В 1896 году Золя проводит несколько дней в Эксе у Нумы Коста. Он прогуливается под платанами улицы Мирабо. По тысяче деталей он узнает каменный лик города. Вдруг он останавливается. Где же фонтан? Фонтан его детства? Фонтан с маской? Символический фонтан под платанами? Он исчез!

— Что, если мы завтра сходим в Жас-де-Буффан? — предлагает Кост.

— Нет. Мне кажется, лучше не ворошить пепел прошлого.

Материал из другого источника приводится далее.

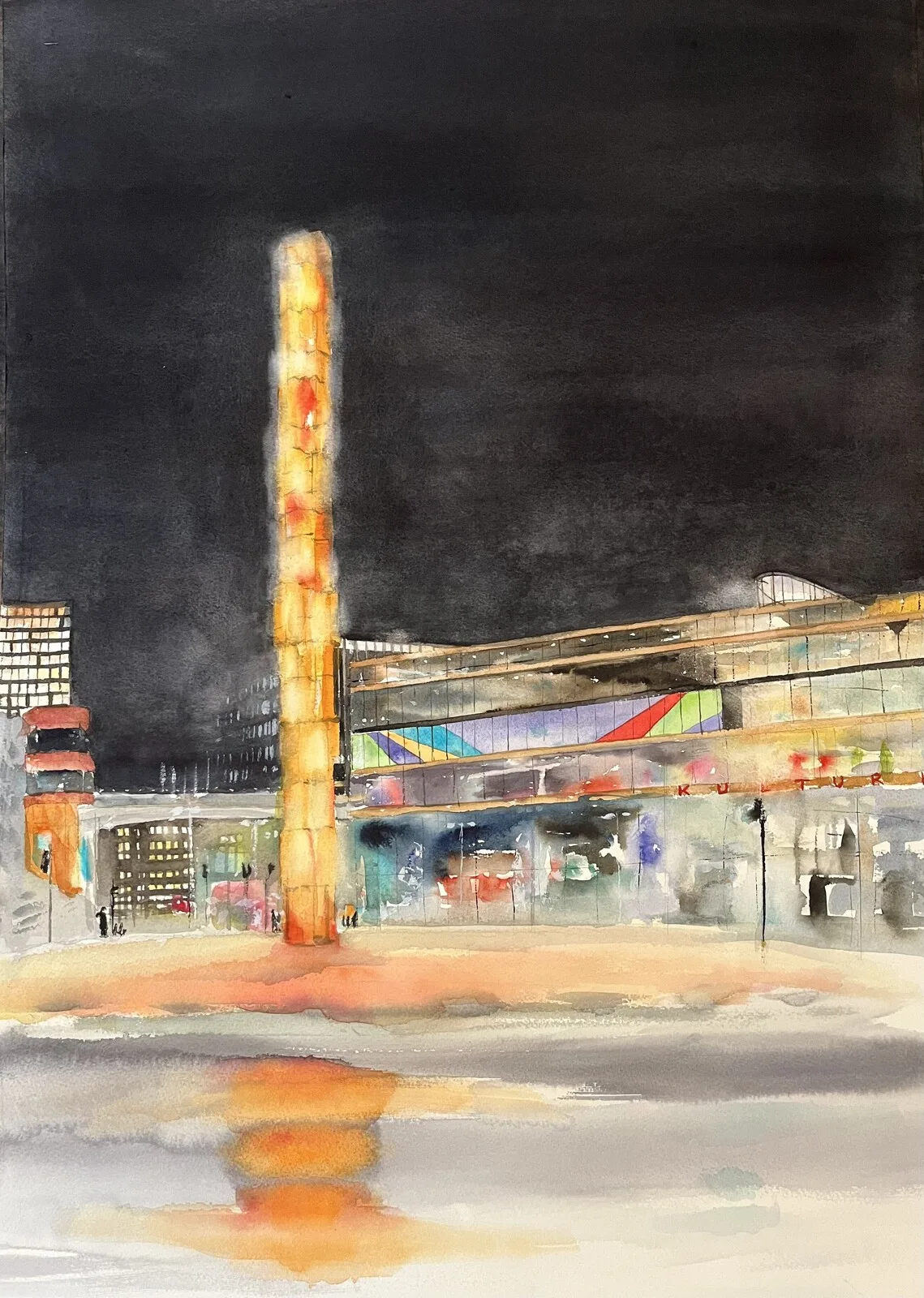 Akvarell Sergels torg av Åsa Köhler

Когда в Париже Золя стало известно, что Сезанн знал о его приезде в Экс и сильно переживал в связи с этим, то он почувствовал угрызения совести. Но вот два года спустя Сезанн сам приезжает в столицу, завтракает с Иоахимом Гаске и Морисом Ле Блоном. Разговор идет преимущественно о Золя. Сезанн молчит. Когда друзья пытаются повести его на Брюссельскую улицу, то изможденный Сезанн приходит в ярость и начинает кричать от негодования.

25 сентября 1902 года у Золя болят зубы. Уже чувствуется приход осени. По ночам от Сены веет холодом.

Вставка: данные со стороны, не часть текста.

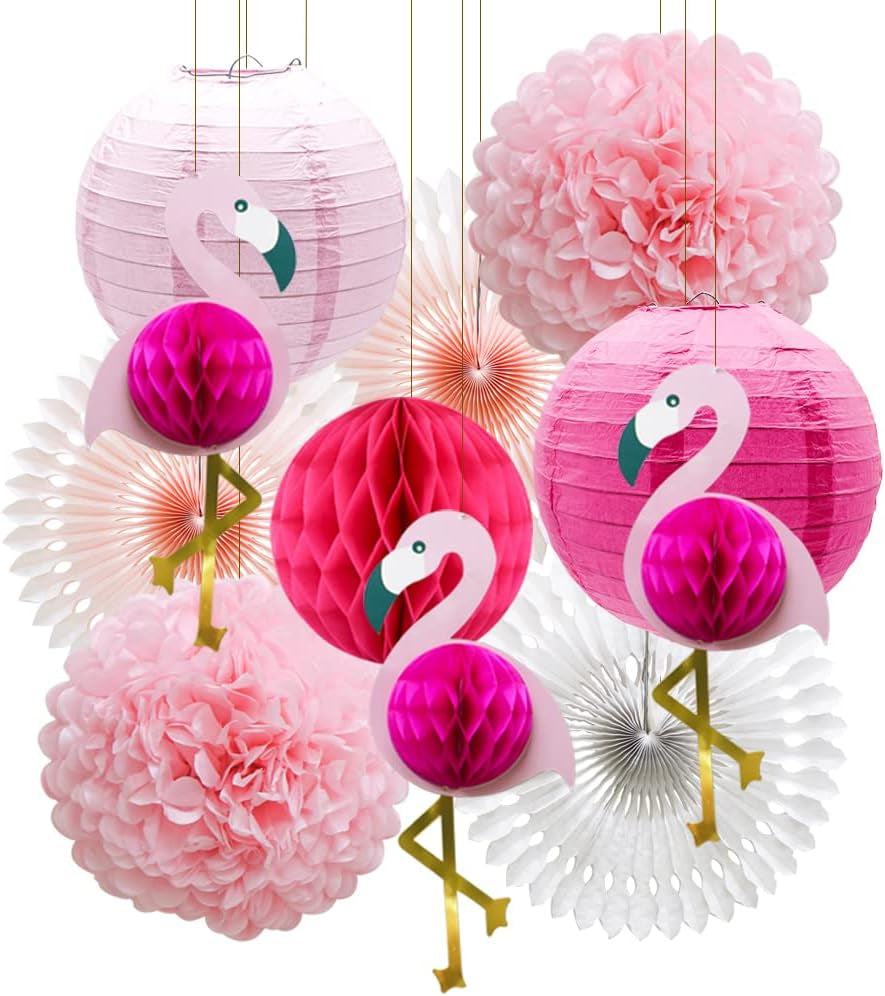 Tropical Pink Flamingo Party Decorations, Pom Poms Honeycomb Balls Paper Flowers Tissue Paper Fan Paper Lanterns for Birthday Hawaiian Luau Summer Beach Bachelorette Party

— Александрина, в воскресенье мы уезжаем в Париж. У тебя еще будет время, чтобы подготовиться к поездке в Италию.

В воскресенье 28 сентября в небольшом особняке на Брюссельской улице звякнул ключ в замочной скважине.

— Кажется, закрыто, — сказала г-жа Золя.

Слуга Жюль зажег камин. Обед прошел весело.

— У камина плохая тяга, — заметил Золя.

— Небо пасмурное. Во всяком случае, я сказала, чтобы предупредили печника.

Слуга, наблюдавший за камином, увидел, что округлые куски угля покраснели, и поднял заслонку. Г-жа Золя и ее муж легли в огромную кровать в стиле эпохи Возрождения, стоявшую на небольшом возвышении. Около трех часов утра г-жа Золя проснулась, чувствуя какое-то недомогание. Она вышла из спальни, направилась в умывальную комнату, и там ее вырвало. Она пробыла в умывальной комнате почти три четверти часа и затем, вернувшись в спальню, легла снова. Ее хождение разбудило мужа.

— Может быть, позвонить слугам? — спросила Александрина.

— Нет, не надо. Собака тоже больна. Мы, наверное, съели что-нибудь несвежее.

Немного позднее Золя встает и произносит тихо:

— Возможно, нам станет лучше от свежего воздуха…

Он делает несколько шагов в направлении окна. Окно.

Открыть окно.

— Эмиль, ложись! Ты простудишься, — говорит г-жа Золя.

Слышится глухой звук падающего тела. Жена Золя хочет встать, ее качает в разные стороны, пытается позвонить и теряет сознание.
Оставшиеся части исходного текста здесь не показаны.